Details, Grace Cathedral, San Francisco.

 

« On a besoin de s’en retourner avant Crick & Watson, avant Huxley, avant Darwin, avant Copernic, etc, jusqu’à ce qu’on réalise qu’il n’y a pas de début et qu’il n’y a pas de fin. Notre envie de résoudre les mystères de l’univers, de dépasser les horreurs du chaos, ont peut-être toujours été une partie de nous-même. » Deasy, 2011, The transhuman Age, IEET.

Dorothy Deasy a étudié la psychologie des organisations, la psychologie du travail et la théologie appliquée. Son travail de maitrise (en cours) s’intéresse à la spiritualité à l’ère du transhumanisme. Elle est accompagnatrice spirituelle, graphiste freelance et chercheure, se rattache au mouvement existentialiste chrétien (Christian Existentialist Universalist), est secrétaire de l’Association des Chrétiens Transhumains (association en cours de constitution), secrétaire et membre du conseil d’administration de l’Association des Mormons Transhumains (MTA) et contributrice à l’Institute for Ethics & Emerging Technologies.
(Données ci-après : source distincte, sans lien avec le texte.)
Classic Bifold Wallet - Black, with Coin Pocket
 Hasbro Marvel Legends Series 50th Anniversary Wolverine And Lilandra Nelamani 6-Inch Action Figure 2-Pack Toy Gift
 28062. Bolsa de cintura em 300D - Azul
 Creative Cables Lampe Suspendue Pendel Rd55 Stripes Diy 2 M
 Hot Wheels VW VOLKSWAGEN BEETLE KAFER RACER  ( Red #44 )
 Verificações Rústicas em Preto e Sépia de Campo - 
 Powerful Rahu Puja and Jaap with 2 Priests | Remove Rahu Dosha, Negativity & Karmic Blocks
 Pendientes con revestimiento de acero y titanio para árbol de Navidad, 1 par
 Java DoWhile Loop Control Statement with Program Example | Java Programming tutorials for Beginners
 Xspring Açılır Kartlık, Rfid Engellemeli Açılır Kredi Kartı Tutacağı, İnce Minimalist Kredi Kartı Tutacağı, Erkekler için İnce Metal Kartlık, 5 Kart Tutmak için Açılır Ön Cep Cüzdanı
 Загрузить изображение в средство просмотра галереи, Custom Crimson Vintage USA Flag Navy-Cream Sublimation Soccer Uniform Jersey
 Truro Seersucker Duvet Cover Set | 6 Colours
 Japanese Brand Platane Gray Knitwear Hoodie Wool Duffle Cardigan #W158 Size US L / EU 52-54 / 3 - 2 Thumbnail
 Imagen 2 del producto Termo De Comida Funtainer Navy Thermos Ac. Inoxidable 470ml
Elle vit et travaille à Vancouver dans l’état de Washington. Ma rencontre avec Dorothy a été très féconde et des plus agréables. Je l’ai contactée suite au visionnement de la vidéo « The relevance of God in a transhuman society« . Sa vision apporte/répond à de nombreuses interrogations inhérentes à mon sujet de recherche. Voici quelques extraits de notre correspondance.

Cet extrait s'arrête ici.